TASK ITEM: Return exactly those lines of the material below that fall between the line holding "Bella+Canvas 3413 Tri-Blend" and the line holding "Military aircraft in Lutsk.jpg", inclusive.

DATA LISTING:
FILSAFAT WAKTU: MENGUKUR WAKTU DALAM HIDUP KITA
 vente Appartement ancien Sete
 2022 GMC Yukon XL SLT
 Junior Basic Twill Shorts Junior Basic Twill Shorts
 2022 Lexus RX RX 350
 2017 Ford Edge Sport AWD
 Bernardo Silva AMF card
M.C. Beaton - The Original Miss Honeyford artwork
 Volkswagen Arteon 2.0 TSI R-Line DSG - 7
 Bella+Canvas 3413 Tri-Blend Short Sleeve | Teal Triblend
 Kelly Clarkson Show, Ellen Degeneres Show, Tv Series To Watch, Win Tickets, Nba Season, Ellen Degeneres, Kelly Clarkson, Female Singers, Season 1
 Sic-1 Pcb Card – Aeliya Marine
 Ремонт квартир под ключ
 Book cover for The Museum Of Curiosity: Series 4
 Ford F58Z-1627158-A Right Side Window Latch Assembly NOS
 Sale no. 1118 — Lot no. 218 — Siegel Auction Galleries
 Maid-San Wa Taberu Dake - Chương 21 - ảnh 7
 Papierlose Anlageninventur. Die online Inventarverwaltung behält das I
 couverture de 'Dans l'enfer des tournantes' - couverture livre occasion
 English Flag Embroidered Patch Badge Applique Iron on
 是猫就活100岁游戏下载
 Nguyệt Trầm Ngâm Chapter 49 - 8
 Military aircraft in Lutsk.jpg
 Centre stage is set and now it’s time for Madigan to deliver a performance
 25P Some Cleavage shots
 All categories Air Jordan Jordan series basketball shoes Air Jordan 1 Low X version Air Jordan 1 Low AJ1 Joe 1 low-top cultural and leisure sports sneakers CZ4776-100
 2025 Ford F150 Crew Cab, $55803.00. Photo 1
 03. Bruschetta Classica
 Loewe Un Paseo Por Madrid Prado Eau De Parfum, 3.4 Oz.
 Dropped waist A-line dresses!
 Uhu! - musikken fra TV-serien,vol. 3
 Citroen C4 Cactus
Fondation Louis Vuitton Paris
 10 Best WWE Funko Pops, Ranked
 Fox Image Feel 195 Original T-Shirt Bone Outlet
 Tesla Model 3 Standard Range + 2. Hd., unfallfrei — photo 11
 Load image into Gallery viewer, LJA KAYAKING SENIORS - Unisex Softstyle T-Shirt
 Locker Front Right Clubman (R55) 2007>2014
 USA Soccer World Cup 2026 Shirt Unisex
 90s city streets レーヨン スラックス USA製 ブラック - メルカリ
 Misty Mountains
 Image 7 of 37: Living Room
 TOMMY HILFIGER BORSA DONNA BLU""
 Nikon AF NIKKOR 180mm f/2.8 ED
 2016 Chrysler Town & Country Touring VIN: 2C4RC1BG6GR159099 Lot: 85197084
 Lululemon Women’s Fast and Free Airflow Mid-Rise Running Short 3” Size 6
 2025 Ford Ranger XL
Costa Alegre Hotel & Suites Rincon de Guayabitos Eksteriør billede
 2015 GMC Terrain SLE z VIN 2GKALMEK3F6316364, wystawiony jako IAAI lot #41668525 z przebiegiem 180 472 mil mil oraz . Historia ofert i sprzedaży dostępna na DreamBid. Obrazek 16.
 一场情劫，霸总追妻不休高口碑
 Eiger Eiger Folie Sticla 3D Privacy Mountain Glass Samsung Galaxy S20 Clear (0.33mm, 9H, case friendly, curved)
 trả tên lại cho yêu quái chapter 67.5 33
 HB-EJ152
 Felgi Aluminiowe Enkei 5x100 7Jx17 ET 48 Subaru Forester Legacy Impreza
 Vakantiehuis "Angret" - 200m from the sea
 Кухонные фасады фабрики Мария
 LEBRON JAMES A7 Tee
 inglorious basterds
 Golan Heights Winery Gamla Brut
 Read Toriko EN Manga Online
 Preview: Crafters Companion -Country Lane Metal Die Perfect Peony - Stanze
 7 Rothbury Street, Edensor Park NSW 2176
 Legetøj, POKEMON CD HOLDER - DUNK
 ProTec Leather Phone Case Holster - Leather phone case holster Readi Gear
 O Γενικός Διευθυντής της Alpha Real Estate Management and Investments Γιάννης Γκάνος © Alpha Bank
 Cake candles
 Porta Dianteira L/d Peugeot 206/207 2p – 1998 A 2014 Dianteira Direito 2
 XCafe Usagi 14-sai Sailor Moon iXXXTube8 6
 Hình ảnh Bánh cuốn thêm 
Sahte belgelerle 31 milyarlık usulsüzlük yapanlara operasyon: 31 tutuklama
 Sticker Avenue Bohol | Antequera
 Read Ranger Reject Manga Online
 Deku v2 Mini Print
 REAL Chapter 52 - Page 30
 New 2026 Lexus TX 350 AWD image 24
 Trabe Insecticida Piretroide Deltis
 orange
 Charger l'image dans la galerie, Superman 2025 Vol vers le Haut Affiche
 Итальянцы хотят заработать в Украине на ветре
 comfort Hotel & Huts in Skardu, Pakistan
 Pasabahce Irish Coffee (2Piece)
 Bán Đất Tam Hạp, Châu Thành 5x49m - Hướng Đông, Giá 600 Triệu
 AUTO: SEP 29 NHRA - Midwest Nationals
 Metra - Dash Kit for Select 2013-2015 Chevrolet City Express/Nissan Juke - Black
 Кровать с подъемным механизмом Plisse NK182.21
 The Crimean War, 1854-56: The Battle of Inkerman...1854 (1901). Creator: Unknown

RESPONSE TO THE EXERCISE:
 Bella+Canvas 3413 Tri-Blend Short Sleeve | Teal Triblend
 Kelly Clarkson Show, Ellen Degeneres Show, Tv Series To Watch, Win Tickets, Nba Season, Ellen Degeneres, Kelly Clarkson, Female Singers, Season 1
 Sic-1 Pcb Card – Aeliya Marine
 Ремонт квартир под ключ
 Book cover for The Museum Of Curiosity: Series 4
 Ford F58Z-1627158-A Right Side Window Latch Assembly NOS
 Sale no. 1118 — Lot no. 218 — Siegel Auction Galleries
 Maid-San Wa Taberu Dake - Chương 21 - ảnh 7
 Papierlose Anlageninventur. Die online Inventarverwaltung behält das I
 couverture de 'Dans l'enfer des tournantes' - couverture livre occasion
 English Flag Embroidered Patch Badge Applique Iron on
 是猫就活100岁游戏下载
 Nguyệt Trầm Ngâm Chapter 49 - 8
 Military aircraft in Lutsk.jpg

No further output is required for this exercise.